→ **To do**
Within the records below is a range that opens at the line with "Hostal Club De" and closes at the line with "TV and multimedia in Ruzzini Palace Hotel". Return that range word for word, both ends included, and only that range.

[Recorded data]
↓↓↓

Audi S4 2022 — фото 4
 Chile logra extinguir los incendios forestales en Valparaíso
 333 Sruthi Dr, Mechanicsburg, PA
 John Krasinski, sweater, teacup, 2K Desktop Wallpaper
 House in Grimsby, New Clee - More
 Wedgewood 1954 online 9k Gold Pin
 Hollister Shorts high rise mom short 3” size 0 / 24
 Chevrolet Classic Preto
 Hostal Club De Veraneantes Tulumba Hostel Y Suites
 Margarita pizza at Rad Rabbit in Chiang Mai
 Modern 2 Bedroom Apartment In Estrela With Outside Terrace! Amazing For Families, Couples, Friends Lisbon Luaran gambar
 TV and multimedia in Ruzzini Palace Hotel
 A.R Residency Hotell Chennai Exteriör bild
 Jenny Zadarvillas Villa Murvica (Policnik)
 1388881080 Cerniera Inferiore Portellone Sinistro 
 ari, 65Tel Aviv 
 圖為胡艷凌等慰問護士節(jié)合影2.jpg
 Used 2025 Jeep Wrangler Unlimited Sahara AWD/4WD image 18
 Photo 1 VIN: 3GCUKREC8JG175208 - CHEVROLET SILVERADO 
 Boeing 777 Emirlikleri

↑↑↑

→ **Answer for this exercise**
 Hostal Club De Veraneantes Tulumba Hostel Y Suites
 Margarita pizza at Rad Rabbit in Chiang Mai
 Modern 2 Bedroom Apartment In Estrela With Outside Terrace! Amazing For Families, Couples, Friends Lisbon Luaran gambar
 TV and multimedia in Ruzzini Palace Hotel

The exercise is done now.